COPD is a preventable disease. Although primary prevention hinges on tobacco cessation strategies, secondary prevention of COPD centers on early diagnosis, risk factor modification and adherence to treatment. While there is no cure for asthma or COPD, asthma attacks and COPD flare-ups can be prevented or reduced by taking medication daily and avoiding triggers.
Common airway irritants include smoke, aerosol sprays, perfumes, dust and air pollution. These substances can irritate sensitive airways. Cigarette smoke is the primary cause of COPD and a serious asthma trigger – do not allow smoking in your home or car and always look for non-smoking sections in public areas.
Shortness of breath in normal activities and frequent coughing are not signs of aging. These symptoms should not be ignored and you should contact your physician to find out what they could mean. You could have COPD, asthma or another medical condition.
Smoking causes lung damage – period. A long-term history of smoking is very common in people living with COPD, and continued smoking worsens the permanent lung damage. People with asthma have a 12-fold increase of developing COPD later in life if they smoke.
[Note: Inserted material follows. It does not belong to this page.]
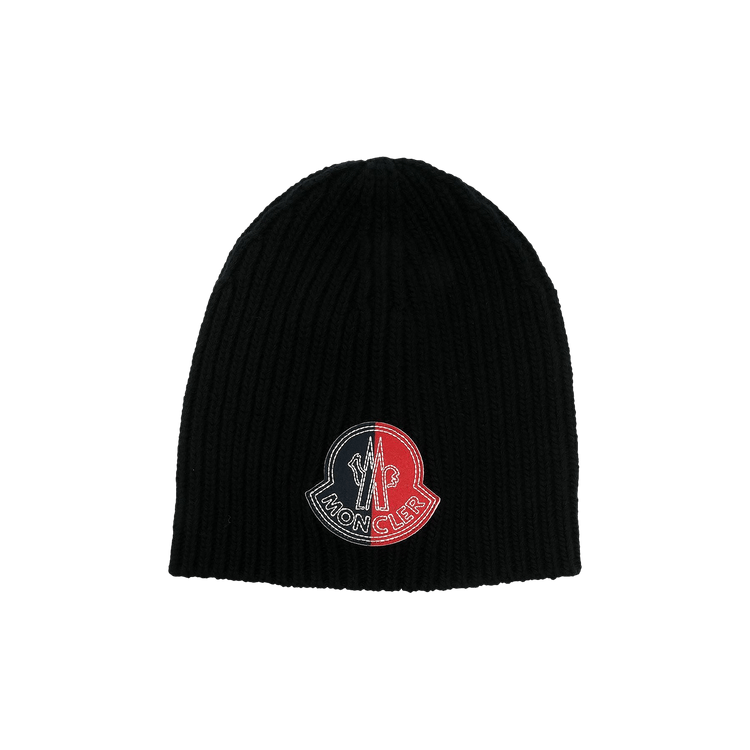 Moncler Genius Hat 'Black'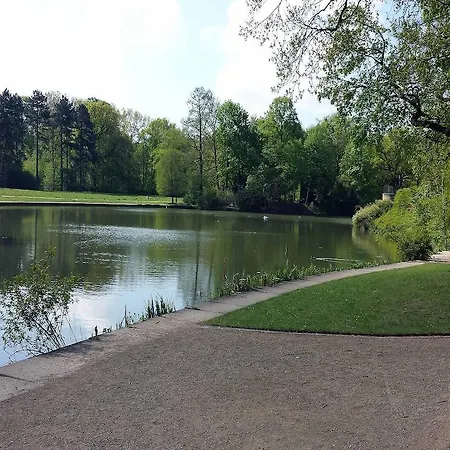Daire 2,4,5,6 Altstadt - Am Grossen Garten Dresden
If you suspect either COPD or asthma, see your doctor who will listen to your chest for the wheezing of asthma and/or the reduced breath sounds associated with COPD. X-rays, CT scans and pulmonary function testing can further differentiate asthma from COPD.
Whether you have COPD or asthma, it’s important to understand that you are not alone. Try to join support groups online or in your community in order to learn more about the disease and new treatments. There are many groups dedicated to educating, engaging and empowering individuals who live with lung disease.
Asthma is a disease of the lungs marked by hyper sensitivity and chronic inflammation that responds well to treatment. COPD is often caused by prolonged exposure to lung irritants and permanent lung damage which does not respond as well to treatment as the condition progresses. Neither is curable, but both are treatable. Knowing the symptoms and treatments for each is important for improving quality of life. Many people with asthma can be virtually symptom-free when properly treated. COPD is a progressive disease – symptoms become more severe as a person ages. With proper maintenance treatment, people with COPD can experience some improvement in symptoms and slow further loss of lung function.